:: PROBLEM TO WORK ON ::
With pictures excluded, copy word for word the lines in the data below from the line containing "Alexander Shevchuk, Untitled, oil" through the line containing "U.S. Military Utility".

:: INPUT MATERIAL ::
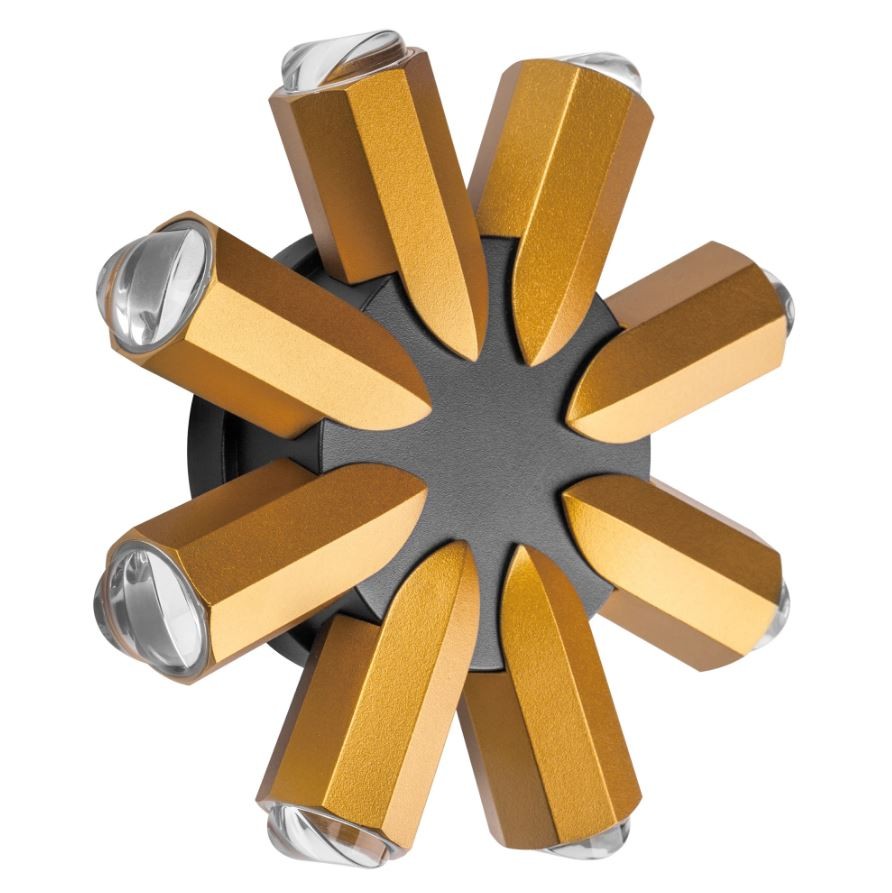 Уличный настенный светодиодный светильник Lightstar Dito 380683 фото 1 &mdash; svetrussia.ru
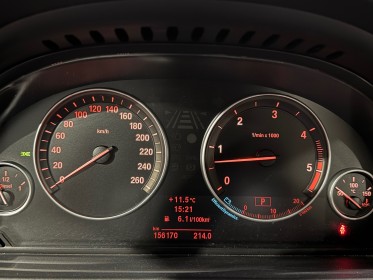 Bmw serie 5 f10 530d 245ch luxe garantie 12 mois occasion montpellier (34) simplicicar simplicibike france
---
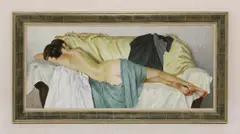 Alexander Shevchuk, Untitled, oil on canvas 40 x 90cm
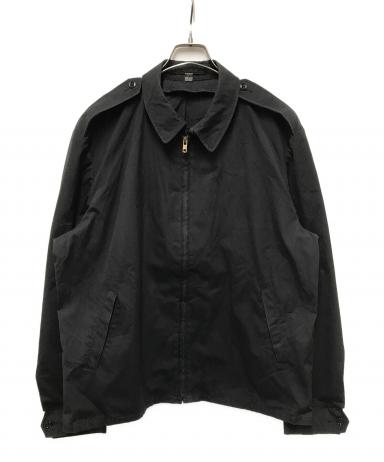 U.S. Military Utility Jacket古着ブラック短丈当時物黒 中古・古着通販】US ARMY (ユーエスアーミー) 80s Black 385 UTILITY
...
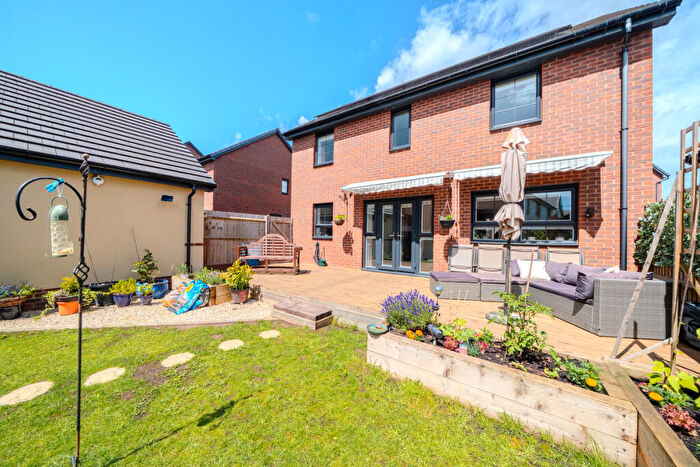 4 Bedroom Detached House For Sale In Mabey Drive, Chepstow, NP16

:: EXPECTED ANSWER ::
 Alexander Shevchuk, Untitled, oil on canvas 40 x 90cm
 U.S. Military Utility Jacket古着ブラック短丈当時物黒 中古・古着通販】US ARMY (ユーエスアーミー) 80s Black 385 UTILITY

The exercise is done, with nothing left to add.